-- TASK PROMPT --
Without pictures, repeat the lines of the entries from the one containing "Senior woman meeting" through the last, both ends included, and nothing else.

-- EXTRACTED RECORDS --

*** Begin section ***

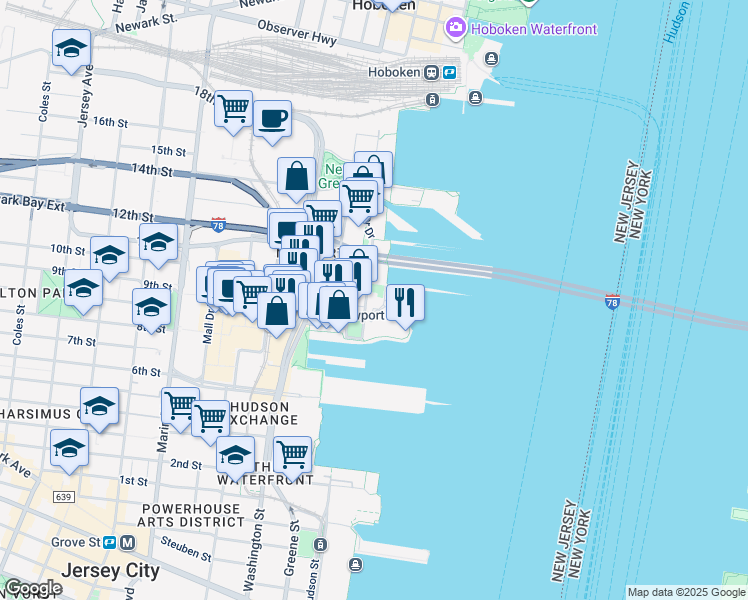 map of restaurants, bars, coffee shops, grocery stores, and more near 30 River Court in Jersey City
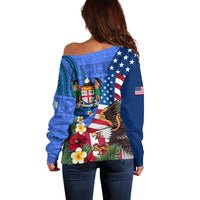 United States And Fiji Off Shoulder Sweater USA Flag Eagle Mix Fijian Coat Of Arms Tapa Pattern LT14 - Polynesian Pride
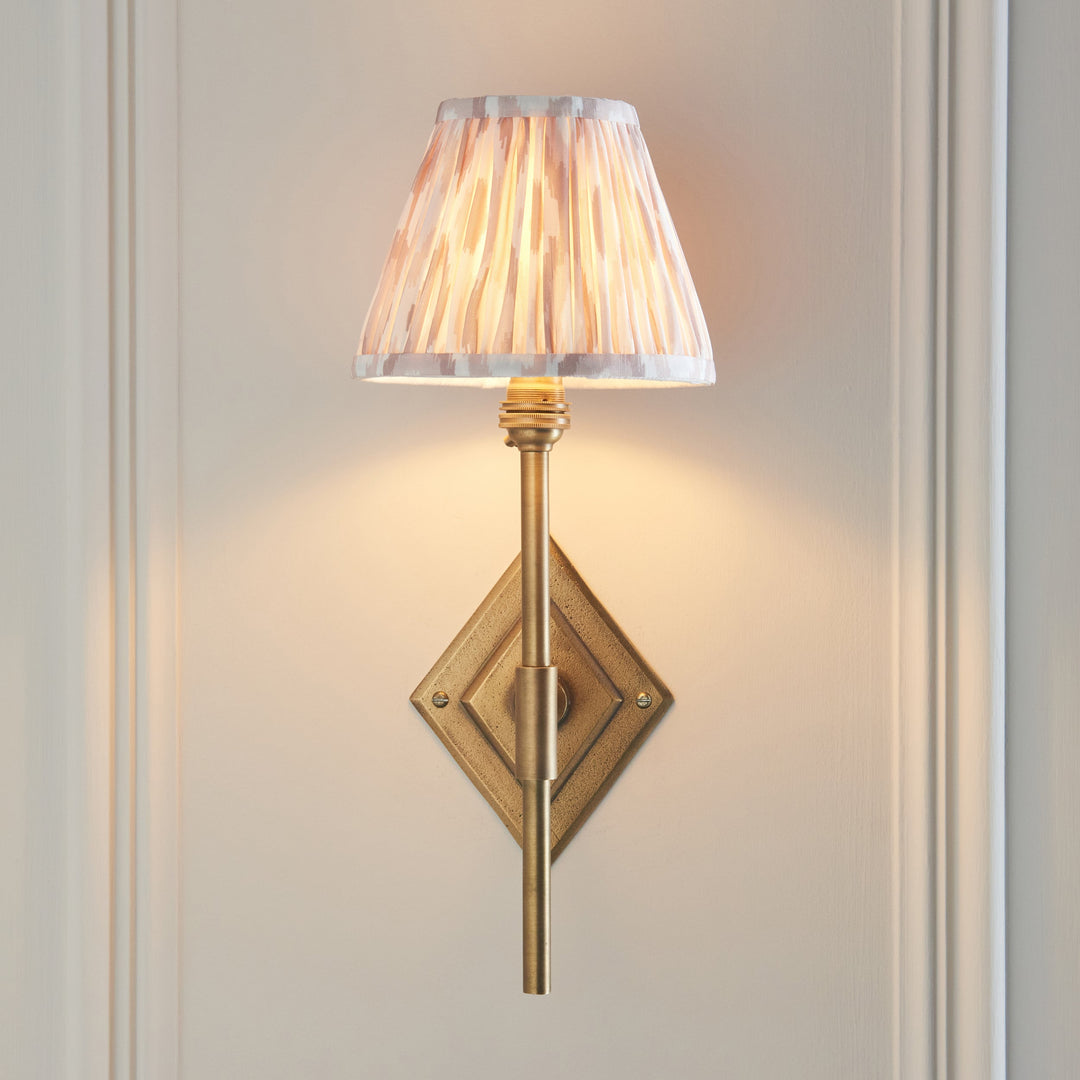 114145 Diamond Tall &amp; Ikat 16cm Wall Light Brass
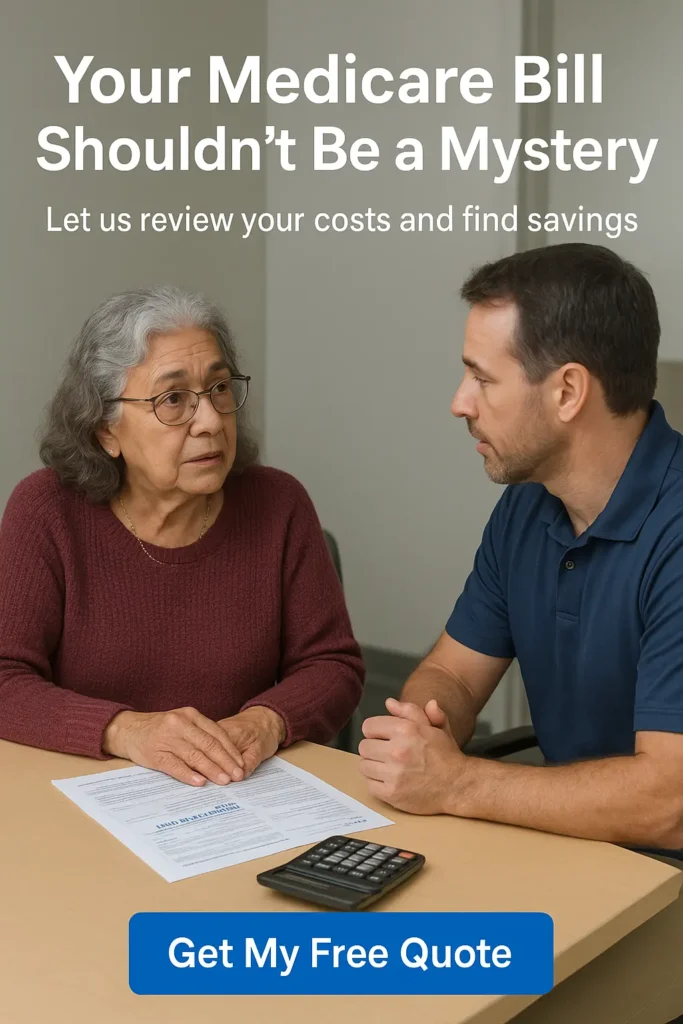 Senior woman meeting with local Medicare advisor to review monthly costs.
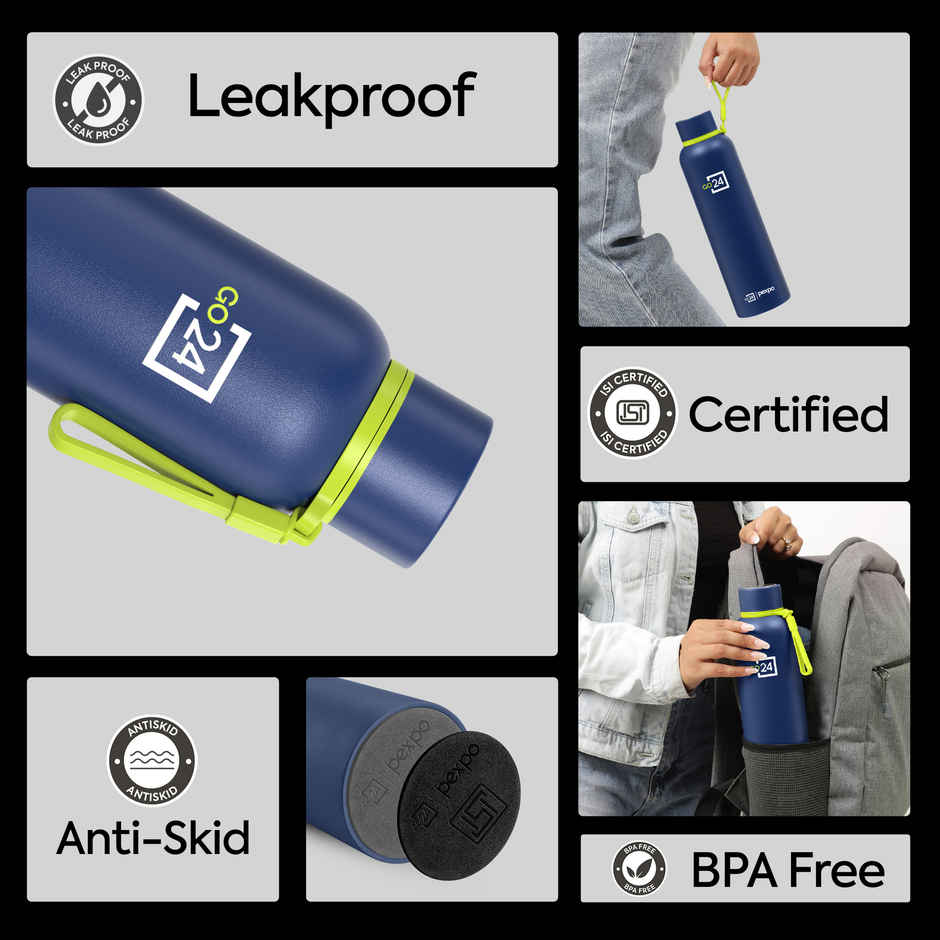 Go24 Bravo Stainless Steel Thermos Bottle | Denim Blue | ISI Certified | 24-Months Warranty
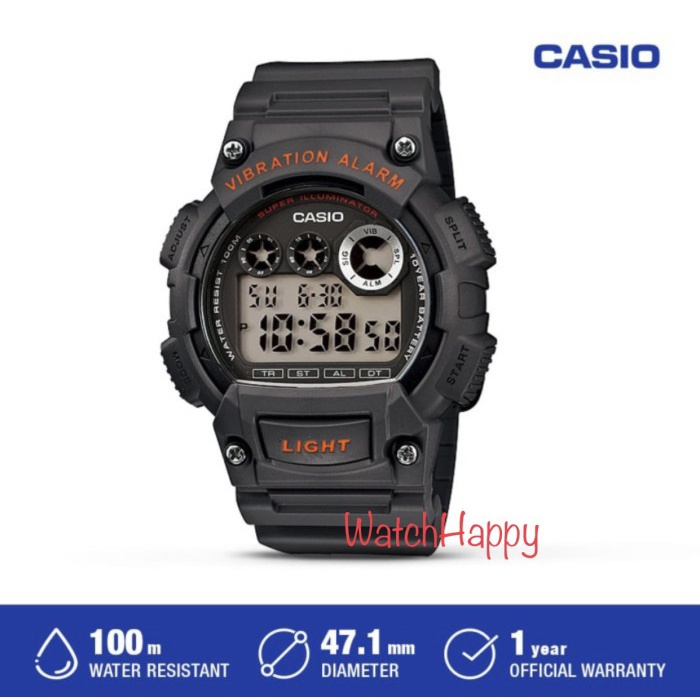 ✅New Ori Casio W-735H-8Avdf W-735H W-735H-8A W-735H-8Av Grey Rubber Original Terbaru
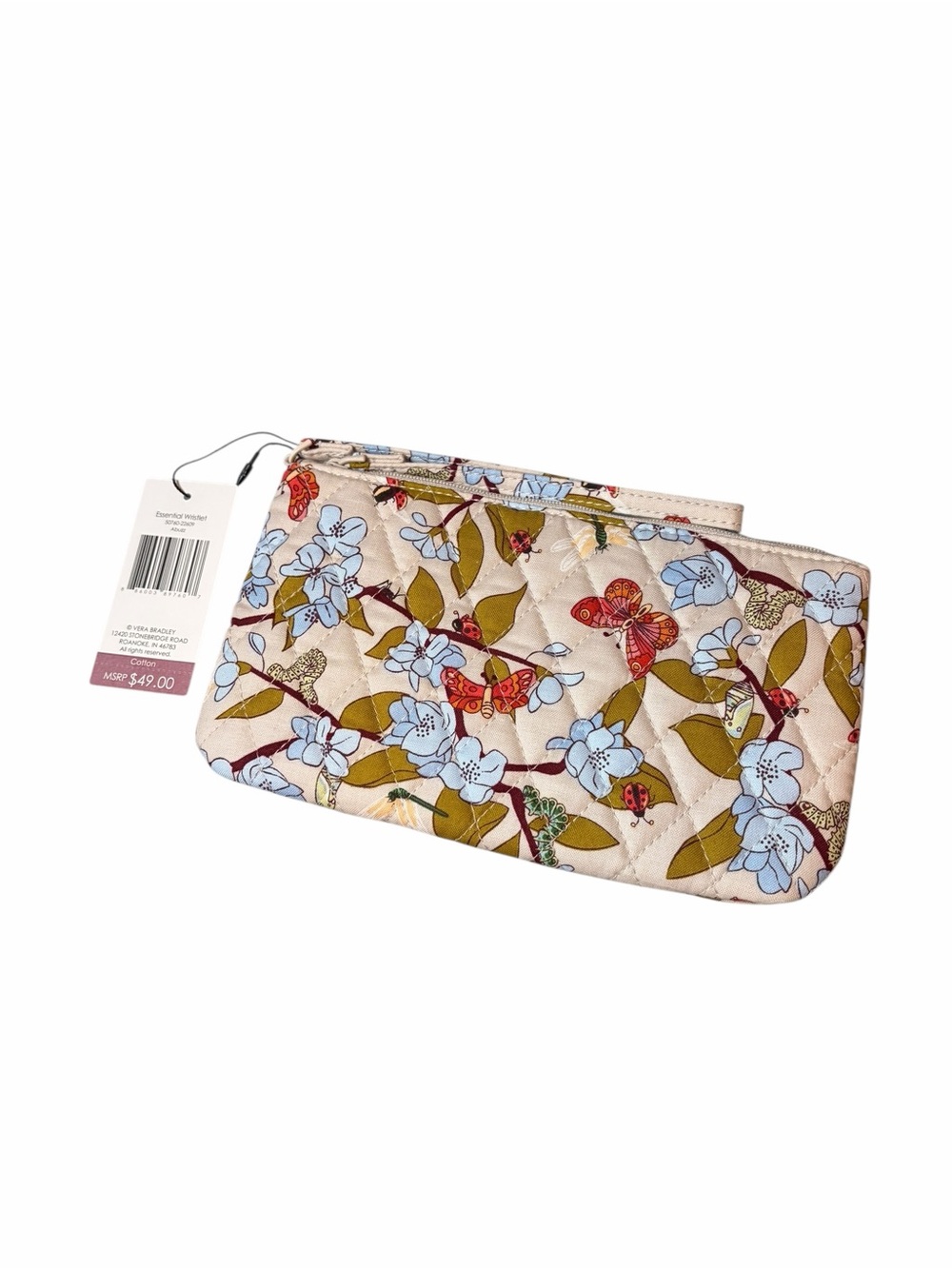 NWT Vera Bradley Beige & Blue Floral Butterfly Quilted Wristlet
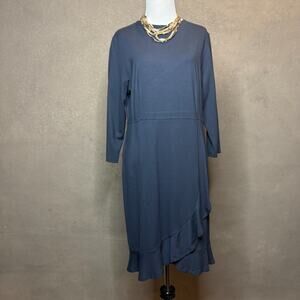 J. Jill Ponte Navy Blue Midi Dress Long Sleeve Pockets Asym Hem Petite M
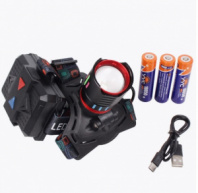 Фонарь налобный (S1329) Zoom 1светодиод + PowerBank 3*18650 аккумулятор+зарядка Type-C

*** End section ***

-- YOUR RESPONSE --
 Senior woman meeting with local Medicare advisor to review monthly costs.
 Go24 Bravo Stainless Steel Thermos Bottle | Denim Blue | ISI Certified | 24-Months Warranty
 ✅New Ori Casio W-735H-8Avdf W-735H W-735H-8A W-735H-8Av Grey Rubber Original Terbaru
 NWT Vera Bradley Beige & Blue Floral Butterfly Quilted Wristlet
 J. Jill Ponte Navy Blue Midi Dress Long Sleeve Pockets Asym Hem Petite M
 Фонарь налобный (S1329) Zoom 1светодиод + PowerBank 3*18650 аккумулятор+зарядка Type-C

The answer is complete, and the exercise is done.